Wie sieht es bei Geschwindigkeitsübertretungen mit der „Gnade“ des Augenblicksversagens aus?
Bei Geschwindigkeitsüberschreitungen ist etwa zu prüfen, ob
- die Straßenführung Besonderheiten aufweist,
- zur Tatzeit besondere Witterungsverhältnisse herrschten,
- Schilder ggf. durch Bäume oder Fahrzeuge verdeckt waren,
- der Betroffene aus besonderen Gründen abgelenkt war
- und wie die Umgebungsbebauung am Tatort aussah,
um Anhaltspunkte für ein Augenblicksversagen zu erhalten.
Beispiel: Ein Fahrer hat zur Nachtzeit innerorts die Geschwindigkeit um 46 km/h überschritten. Die Straßenbeleuchtung fehlte und auf gleicher Höhe des Ortsausgangsschildes befand sich auf der anderen Straßenseite das Orteingangsschild des sich unmittelbar anschließenden Ortes, das der Fahrer übersah und somit glaubte außerhalb der Ortschaft zu fahren (OLG Rostock, Beschluss v. 21.6.2004, 2 Ss (OWi) 117/04 I 90/04).
Was gilt bei Rotlichtverstößen?
Bei Rotlichtverstößen sind als Augenblicksversagen anerkannt
- die Frühstarterfälle, bei denen die Ampel beim Losfahren noch Rot-Gelb anzeigt und
- der sog. Mitzieheffekt, wenn an einer Kreuzung zunächst bei Rotlicht angehalten und noch vor Umschalten des für ihn geltenden Wechsellichtzeichens auf Grund eines Wahrnehmungsfehlers in die Kreuzung eingefahren wird.

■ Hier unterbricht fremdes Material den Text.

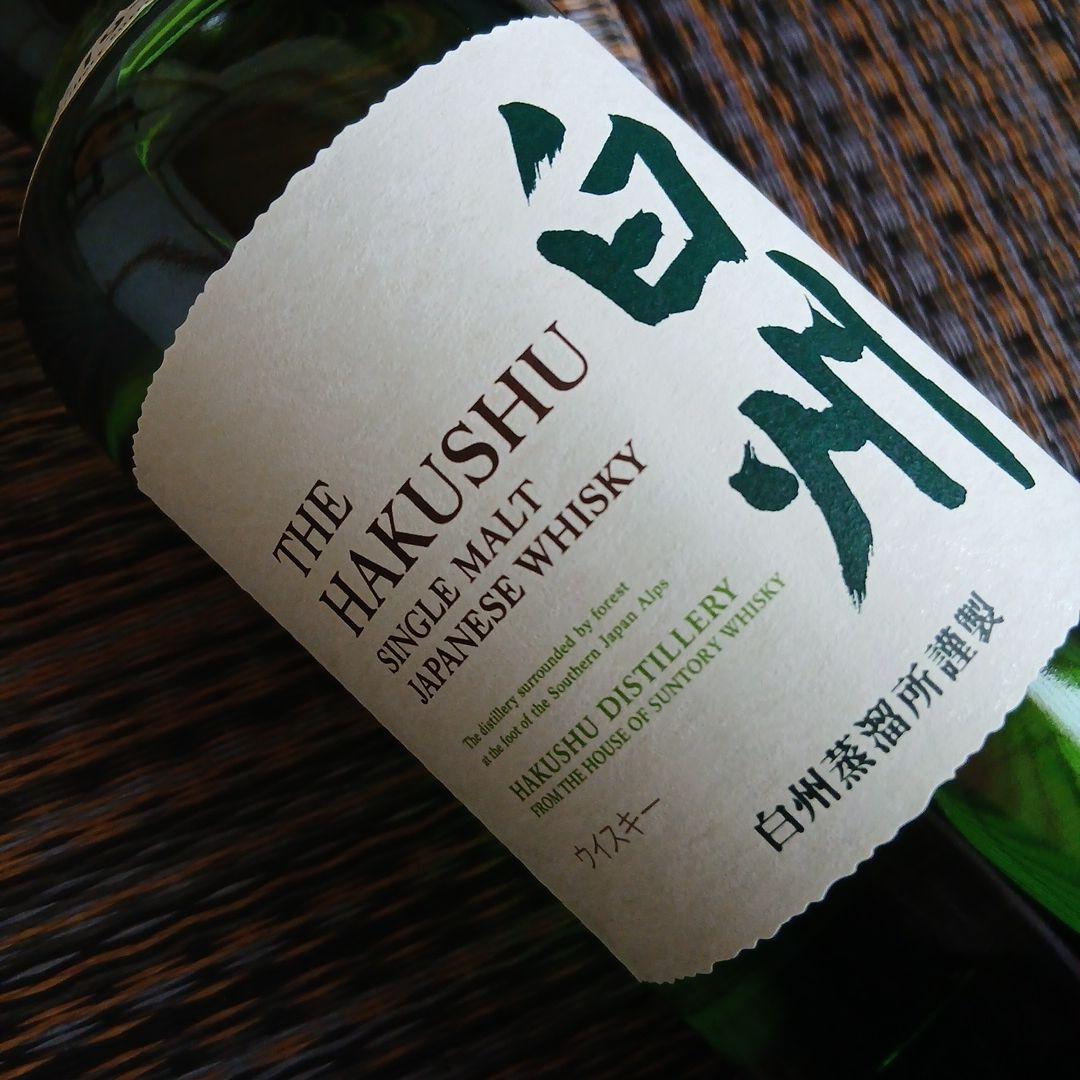 白州ウイスキー シングルモルト 700ml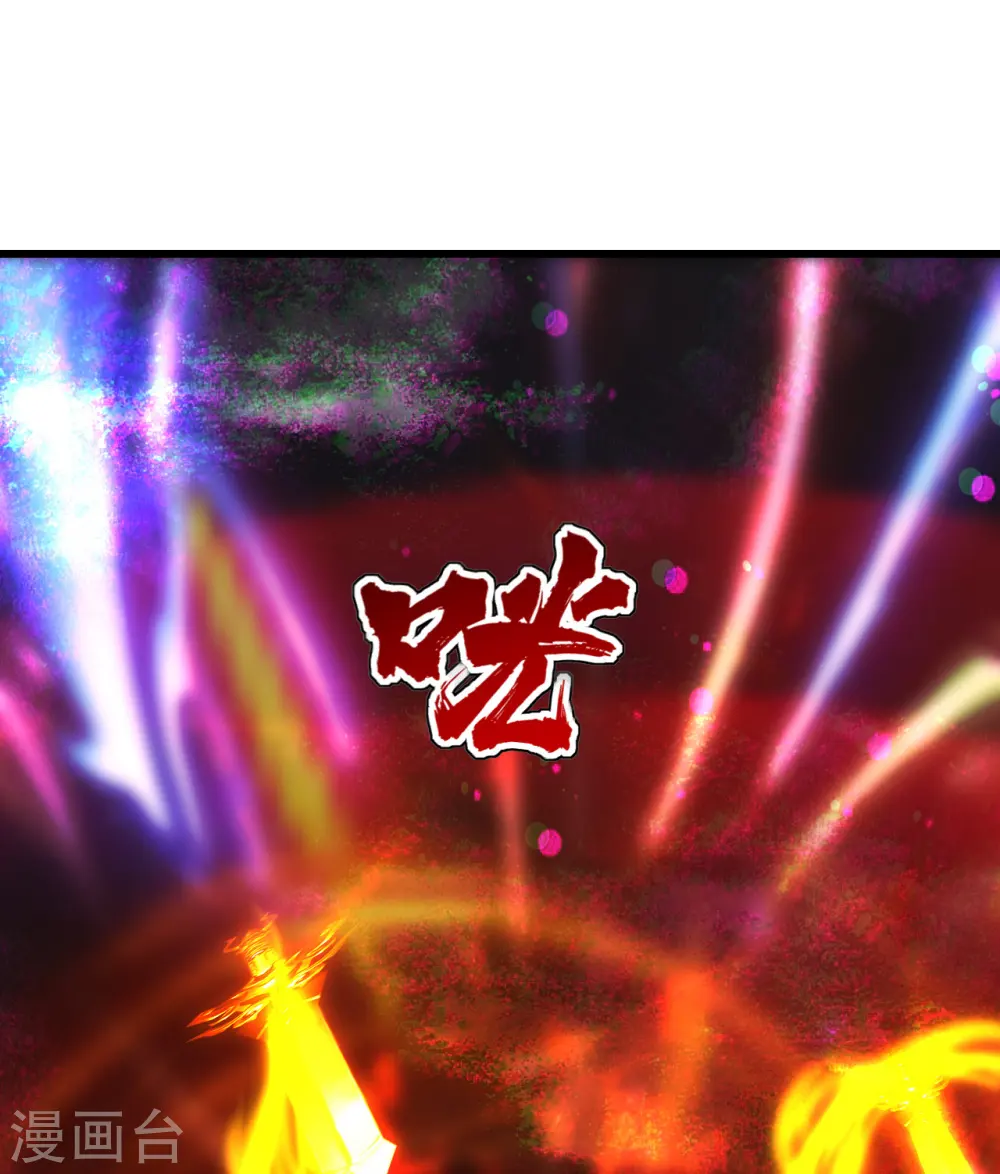 第210话 生门？死门？ 第33页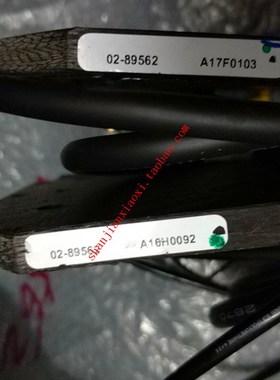 02-89562 07-L00860 12-43968  S01-E25788 01-D04784 S26-E05340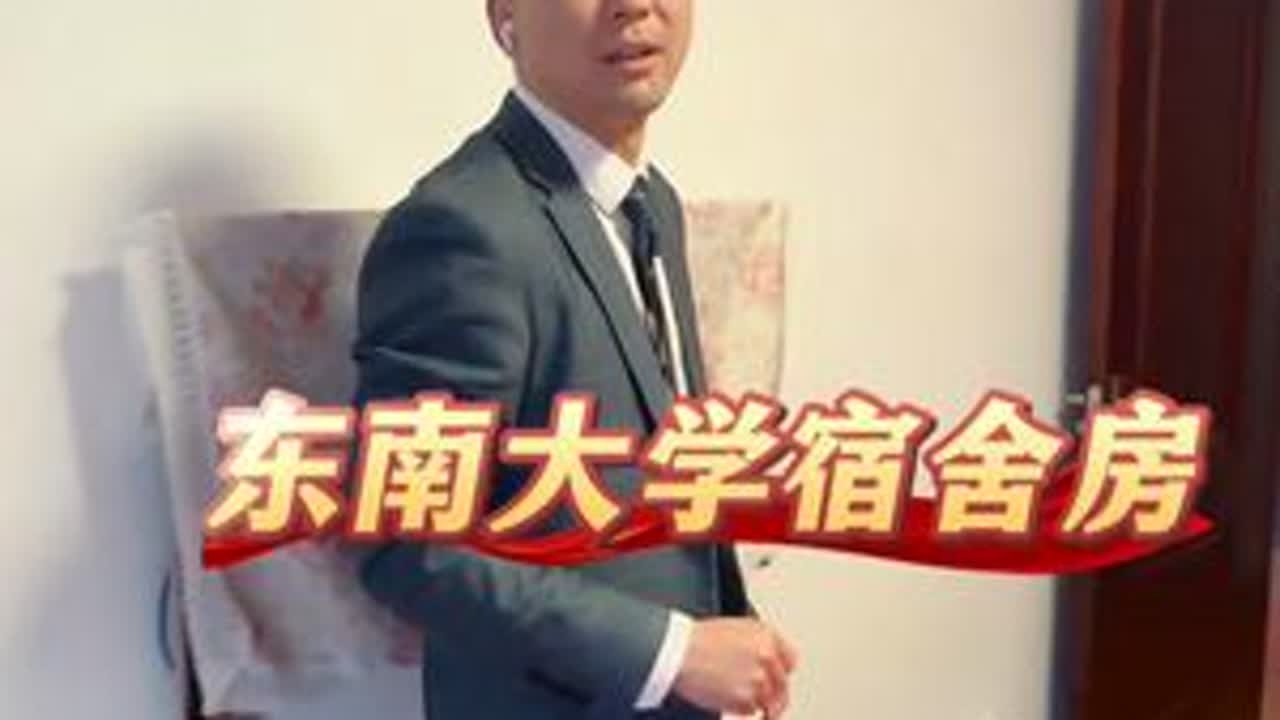 东南大学宿舍 牌子啊～#vlog #vlog日常 #东南大学 #南京买房 #松弛感
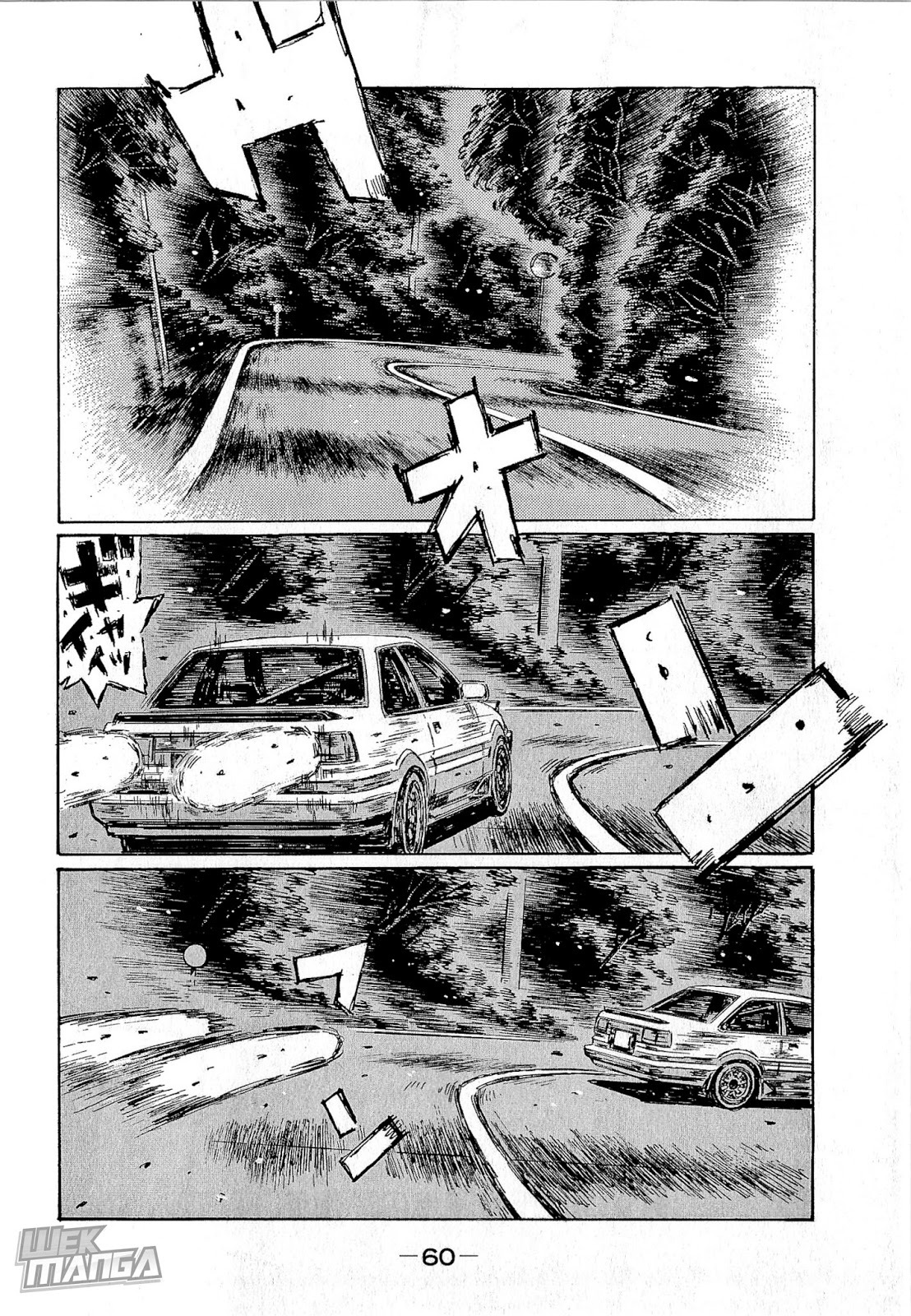 Initial D Chapter 675 page 4 - Chapter 675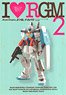 Model Graphix Gundam Archives I Love RGM 2 (Art Book)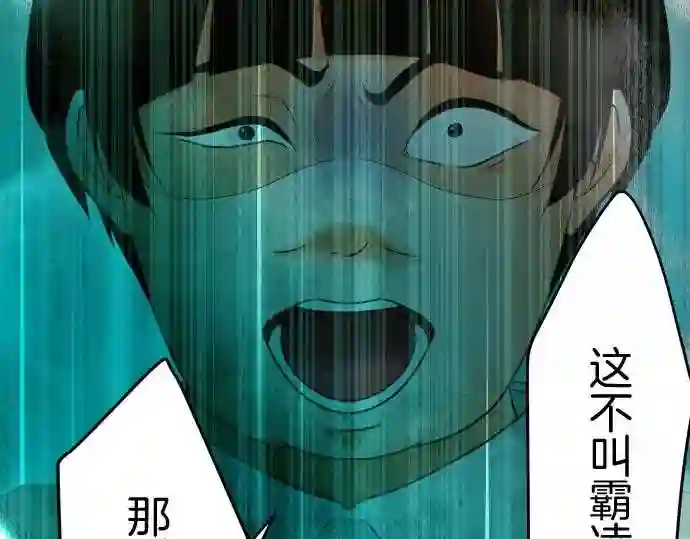 不存在问题的世界漫画,第351话 傲慢51图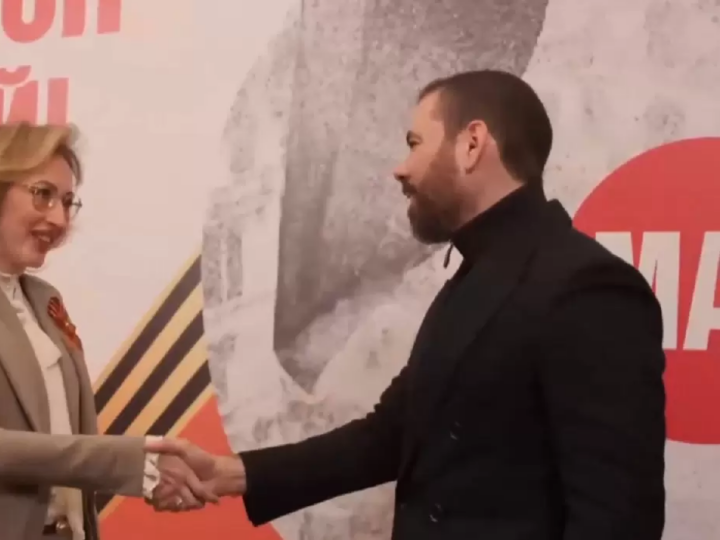 Compañero Laureano Ortega Murillo llega a Moscú para participar en celebraciones del Día de la Victoria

Beispiel: Ein Fahrer hielt an einer roten Ampel. Nach ca. 37 Sekunden Rotlichtdauer nahm er – da ihm der Gegenverkehr entgegenkam und eine etwa 80 m in seiner Fahrrichtung entfernte Lichtzeichenanlage bereits wieder grün zeigte, irrtümlich an, dass auch die für ihn geltende Ampel schon wieder grün hatte und fuhr trotz andauernden Rotlichts los.